The Indian government closed international and domestic air travel to contain the spread of novel coronavirus, or COVID-19. While suspension of all international services was announced first, after just few days, a total suspension of air traffic was announced, thereby, vacating the skies of India of any commercial flights.
Suspending all domestic air travel was an act well timed – 48 hours after the last scheduled international flight, which meant that passengers having connecting flights had reached their destinations. With less than 48 hours to plan, execute and shut down, it was a scramble for airlines to get planes to base along with the crew.
With the uncertainty regarding the duration of the aviation closure, it was imperative that the airlines send the crew back to their home base. Accordingly, as soon as the government announced the deadline of 11:59pm on March 24, 2020, for the last of flights to land, a new scramble erupted. A battle to store the aircraft. An endeavour to park them where they can be secured and safe.
Delhi airport – India’s largest by traffic and area — had already closed one of its three runways for parking of planes. This was not an unseen phenomenon. Zurich, Frankfurt, Atlanta – a lot of global peers — among others, had done the same. But India has a different problem. The nation is still partially regulated and airlines do require permission from airport operator or the government for night parking an aircraft. An aircraft cannot be imported without having night parking in place. As a result, the over 650 aircraft have a designated night parking slot when they were imported and allowed to operate in India. Thus, ideally, every aircraft should have a dedicated parking space, at least on paper. However, with majority of the airlines in the country being Low Cost Carriers, airlines obtain night parking permission from one airport and rotate the aircraft the whole night without really parking there, which is a common practice with LCCs as their business model is built around ensuring that every aircraft is fully utilised. With a lockdown in place, it was imperative that the crew had to return to base and hence additional pressure was put on major cities, further disturbing the parking pattern of over 650 aircraft.
So, how is India tackling the aircraft parking issue? Delhi has one-third of India’s commercial fleet parked after the grounding. A staggering 205 aircraft across airlines are parked at the New Delhi airport.
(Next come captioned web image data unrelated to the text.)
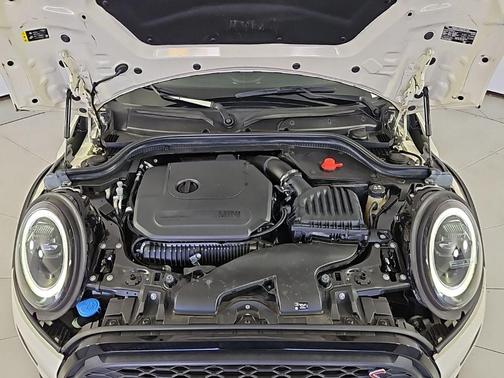 2023 MINI Hardtop Cooper S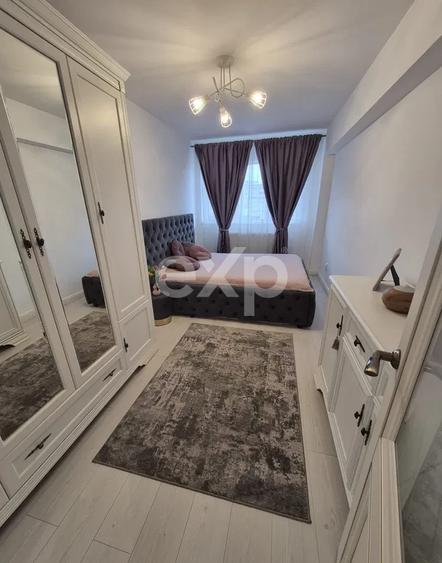 Apartament 3 camere | 56 mp + balcon | Marasti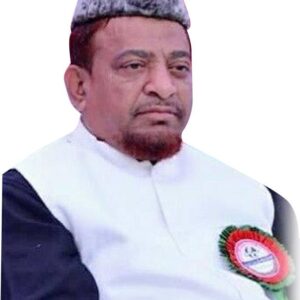 Founder of Mohammadia Group Of Institutions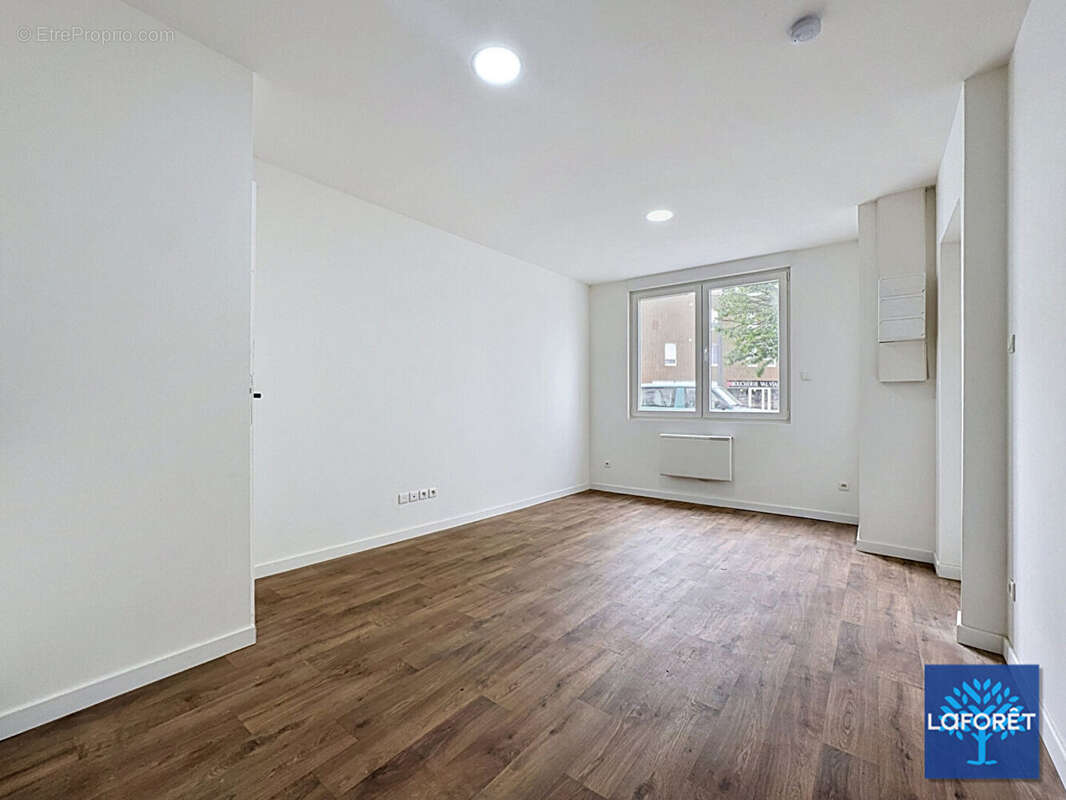 Appartement à ANZIN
Mumbai is home to nearly 100 aircraft across airlines being parked, followed by Bengaluru, which has 71 aircraft, and Hyderabad with 61. Kolkata is housing 54 aircraft, while Chennai being an abode to 53. And here lies the logistic nightmare: IndiGo has parked its aircraft at eighteen airports across the country, while SpiceJet and GoAir have parked at eleven airports each. Air India has parked its aircraft at seven airports in the country, while Vistara and AirAsia India have parked their aircraft at six and five airports, respectively.
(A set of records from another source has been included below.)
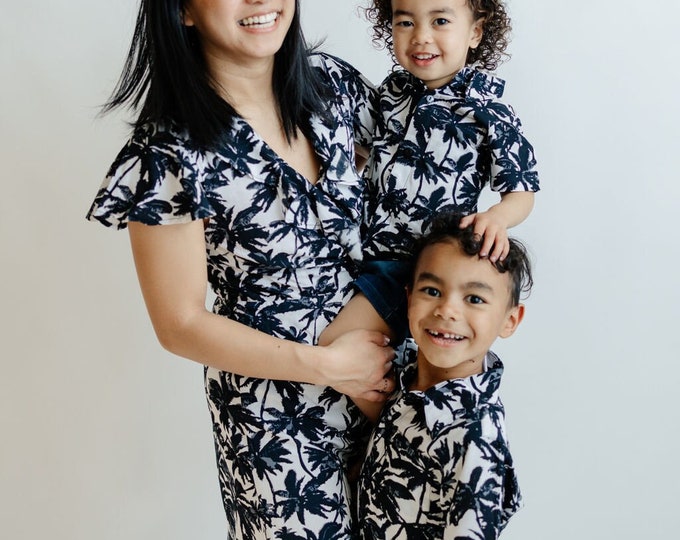 Mommy and Me dresses | Mommy and Me matching outfits | Mommy and me outfits | Mom Son Outfits | Mommy and Me Gifts | Mother's day gift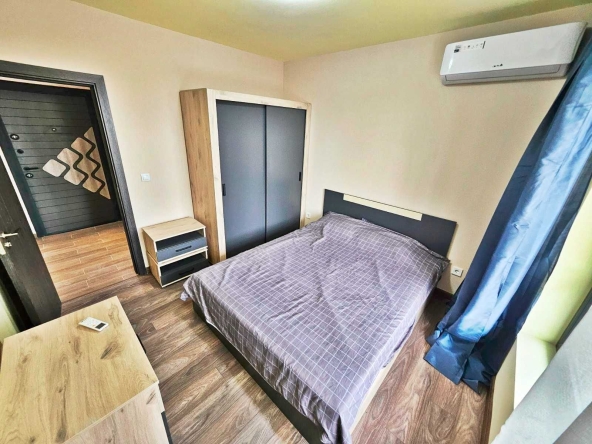 Двустаен апартамент в София, Студентски град - 53 кв.м за 1732 €/кв.м - Снимка #1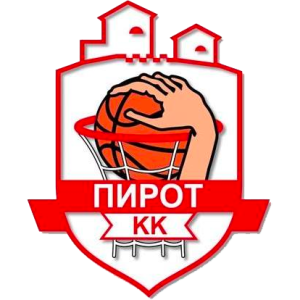 Pirot logo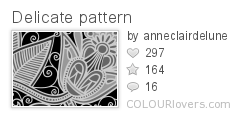 Delicate_pattern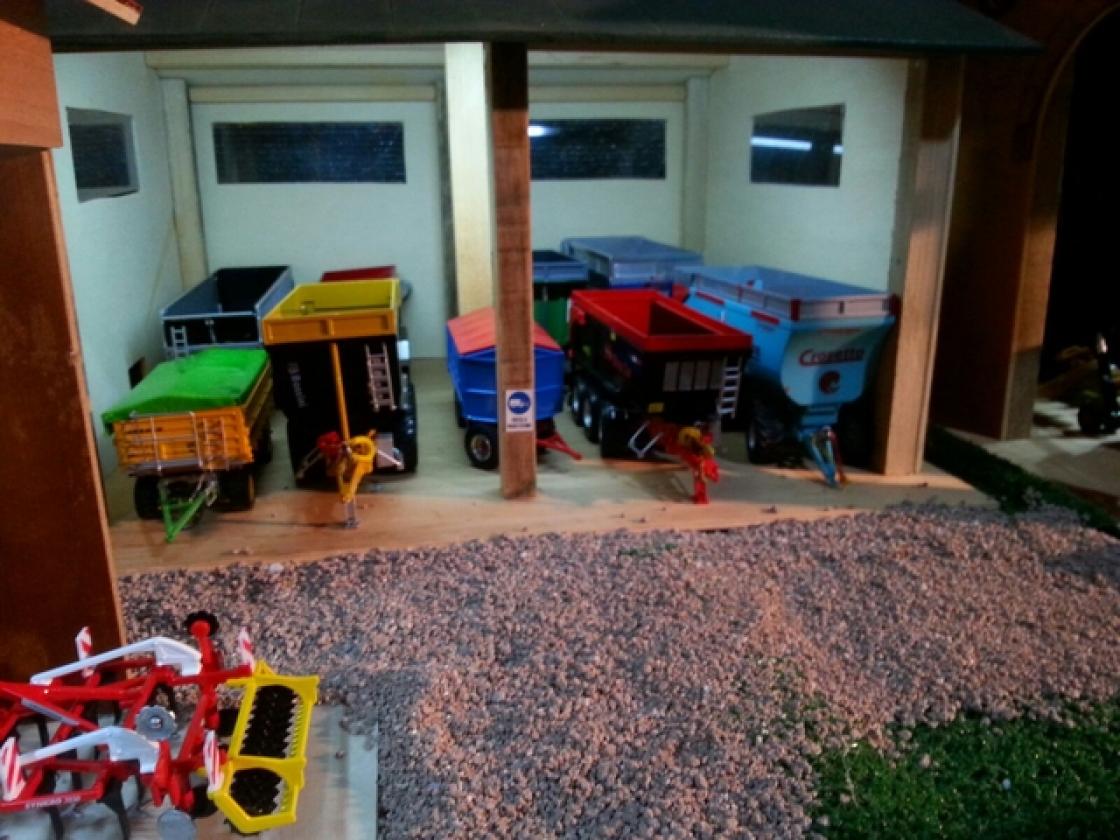Modellismo agricolo crespino (13)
A parked plane does require some maintenance and airlines would be using minimal manpower for the same, at times, at places where facilities for carrying out the maintenance might not be always guaranteed, since aircraft are now distributed throughout the country. And thus, when the restrictions will be lifted, they would be in phases and when it happens, it would imply another logistical nightmare for the airlines for route management and crew transportation.
What do you think about the after effects of this shutdown? How long will it take for airlines to return to business as usual? And most importantly, do you think it would be ‘usual’ in the first place?